_THE DATA_
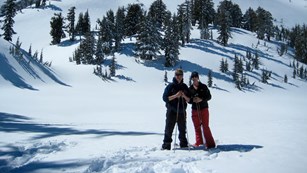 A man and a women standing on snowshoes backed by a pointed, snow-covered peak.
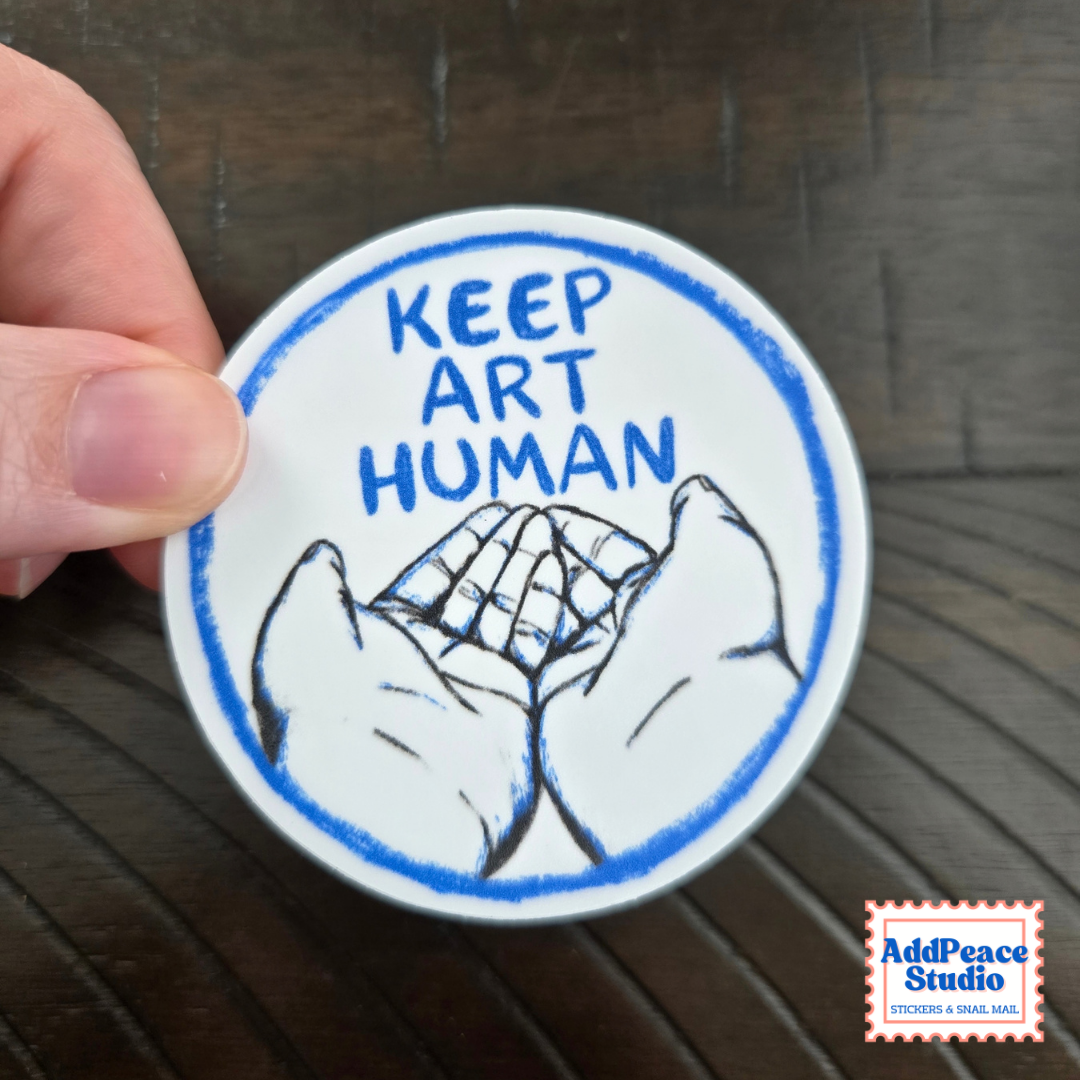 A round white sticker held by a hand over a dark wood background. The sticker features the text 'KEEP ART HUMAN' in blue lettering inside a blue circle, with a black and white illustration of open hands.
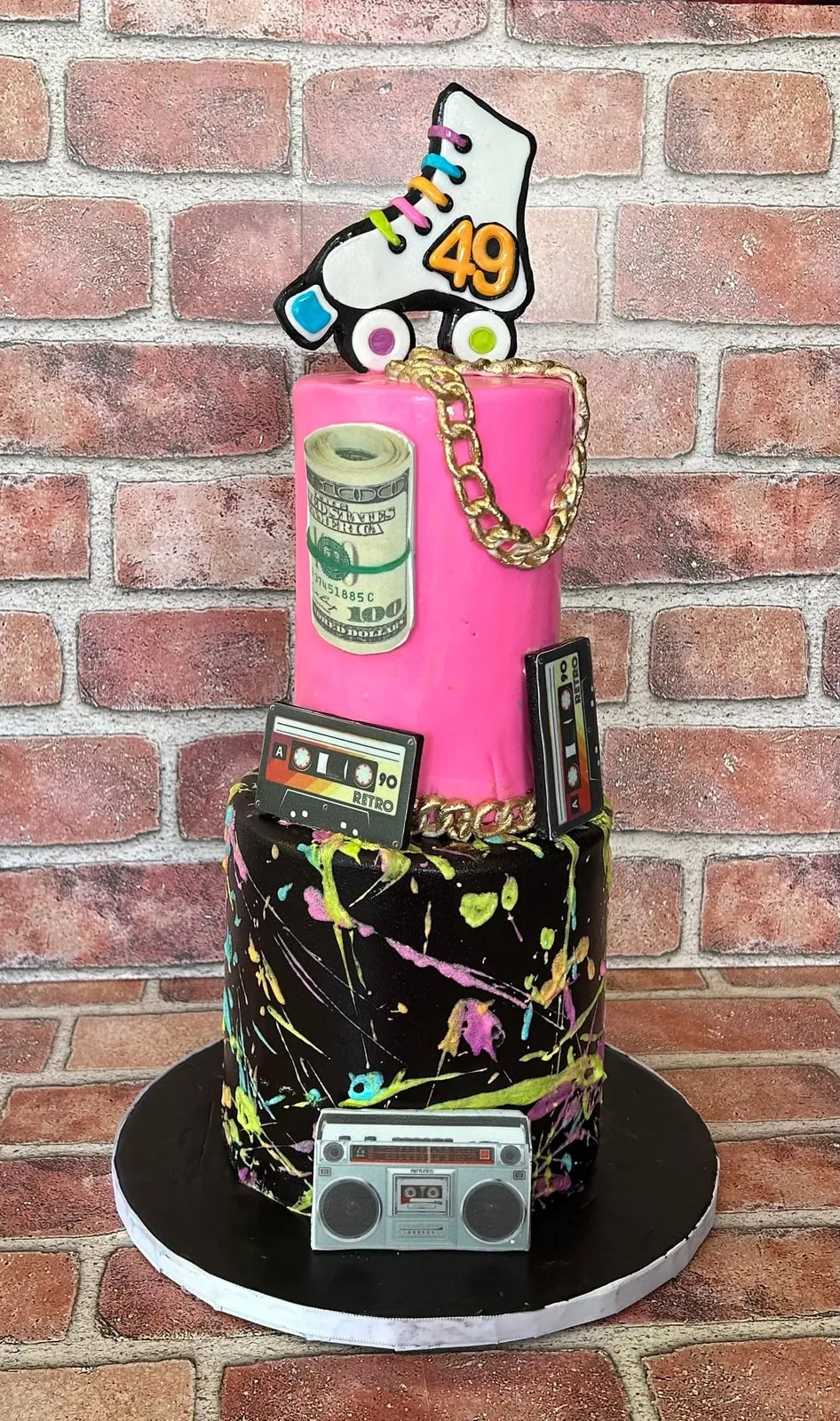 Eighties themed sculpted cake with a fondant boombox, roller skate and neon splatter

_TASK TO CARRY OUT_
Whatever lies between the first line of the data and the line holding "A round white", inclusive, should be repeated exactly, apart from the pictures.

_RESPONSE_
 A man and a women standing on snowshoes backed by a pointed, snow-covered peak.
 A round white sticker held by a hand over a dark wood background. The sticker features the text 'KEEP ART HUMAN' in blue lettering inside a blue circle, with a black and white illustration of open hands.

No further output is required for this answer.